Bir ürün veya hizmetin akılda kalıcı bir ismi, logosu, rengi, müziği, yaratıcı reklamları olsa da satın alma sırasında veya sonrasındaki süreçte müşterisini memnun edemiyorsa marka olmaktan oldukça uzaktadır.
Günümüzde çoğunluğun bir ürünü almadan önce internette yapılan yorum ve şikâyetleri okuyarak karar verdiğini düşünürsek markayı yaratırken reklama değil müşteri ile iletişimin kalitesine güvenmek gerek. Kısacası başkalarının markan hakkında söyledikleri senin söyleyeceklerinden çok daha etkilidir. İngilizcede “ağızdan ağıza” (Word of mouth) bizde ise “kulaktan kulağa” deyimini anımsarsak marka reklam vermeden önce marka olur. En iyi reklam müşteri memnuniyetidir. Markayı “marka” yapan da mutlu müşteridir.

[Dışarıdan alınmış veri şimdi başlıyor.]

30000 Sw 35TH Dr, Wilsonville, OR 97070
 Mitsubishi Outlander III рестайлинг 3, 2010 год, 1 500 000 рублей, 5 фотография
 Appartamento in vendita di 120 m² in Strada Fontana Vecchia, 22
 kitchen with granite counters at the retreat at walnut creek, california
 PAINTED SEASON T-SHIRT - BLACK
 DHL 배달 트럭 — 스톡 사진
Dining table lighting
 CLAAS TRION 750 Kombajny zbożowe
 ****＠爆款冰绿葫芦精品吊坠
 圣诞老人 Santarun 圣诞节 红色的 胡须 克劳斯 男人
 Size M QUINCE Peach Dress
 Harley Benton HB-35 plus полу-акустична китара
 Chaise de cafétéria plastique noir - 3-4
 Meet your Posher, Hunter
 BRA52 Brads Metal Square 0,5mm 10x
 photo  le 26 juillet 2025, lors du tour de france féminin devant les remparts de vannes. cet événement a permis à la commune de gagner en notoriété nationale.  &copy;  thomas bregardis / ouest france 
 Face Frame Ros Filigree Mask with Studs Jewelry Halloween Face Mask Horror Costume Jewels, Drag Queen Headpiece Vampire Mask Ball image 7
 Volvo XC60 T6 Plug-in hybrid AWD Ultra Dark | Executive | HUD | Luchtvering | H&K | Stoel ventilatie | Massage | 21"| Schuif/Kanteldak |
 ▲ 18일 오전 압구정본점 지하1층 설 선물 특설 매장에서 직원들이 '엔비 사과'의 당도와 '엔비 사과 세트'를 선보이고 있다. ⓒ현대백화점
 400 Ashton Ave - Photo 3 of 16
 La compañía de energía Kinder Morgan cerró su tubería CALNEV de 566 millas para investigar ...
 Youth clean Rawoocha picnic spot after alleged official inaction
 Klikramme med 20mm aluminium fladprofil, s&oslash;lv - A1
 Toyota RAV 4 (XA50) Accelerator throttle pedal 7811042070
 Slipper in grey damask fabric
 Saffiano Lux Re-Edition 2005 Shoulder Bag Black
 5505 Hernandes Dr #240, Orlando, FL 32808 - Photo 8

Müşterinin tekrar satın alma kararını vermesi için mutlu olması gerekiyor. Mutlu müşteri yaratmak için çalışırken ise 3 önemli konuyu daima zihninde bulundurmalısın.
Müşterinin temas noktalarında ürün, hizmet ve marka için ne dediğini dinlemeli, dinleme sonucu elde edilen geri bildirimi temas noktasını, ürünü, hizmeti, iletişim şeklini geliştirmek için kullanmalı, müşteri ile sürekli iletişimde kalmalısın.